Wall Street financed great undertakings that would be beyond the power of five or six rich men. Huge sums of capital went toward growing the new industries. Many of the larger enterprises now had public stockholders.
The first billion-dollar company in America was United States Steel, stitched together by J.P. Morgan. It owned not only steel plants, but coal mines, limestone quarries, ships, railroads and whatever else touched on steel.
Wall Street sold it to the public for $40 per share. Then it fell to $9. But a few years later, Wall Street was buying it back from the public at $100 per share. And soon it topped $200. It was a heady, risky time. If you bought five stocks, odds were that two might go to zero. But the three, held long enough, produced fortunes.
This is the work of a free people. Testing things. Trying them out. Succeeding and failing. It is a rough laboratory from which winners and losers emerge through trial and error. It is what builds great wealth, great economies and great countries.

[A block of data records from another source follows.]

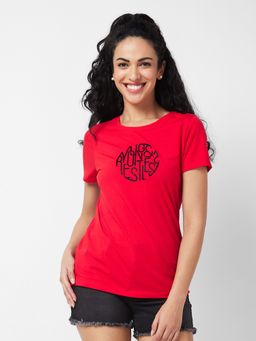 Spykar - Women Round Neck Half Sleeves Red T-Shirt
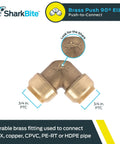 Three Quarter Inch 90 Degree Brass Push To Connect Elbow Plumbing Fitting For PEX Copper CPVC PERT HDPE Pipe Quick Install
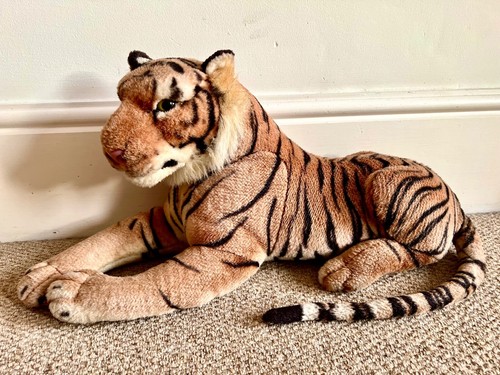 Vintage Realistic LargeTiger Stuffed Animal Plush Soft Toy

It is the American story of two centuries past.
While there are no virgin places for a new American story to take root, no empty continents where a people might go to try to build something from scratch, there are new versions of the American story unfolding in places likely to produce astounding wealth in similar ways.
In places like Mongolia or Myanmar, for example, you find today’s Dakota Territory. Not that Mongolians are as free as those American pioneers, but there is so much frozen potential to unlock by applying technology and know-how and capital to their situations. It’s these mind-bending changes — and the lure of profiting by them — that attract me to explore the world beyond the developed West.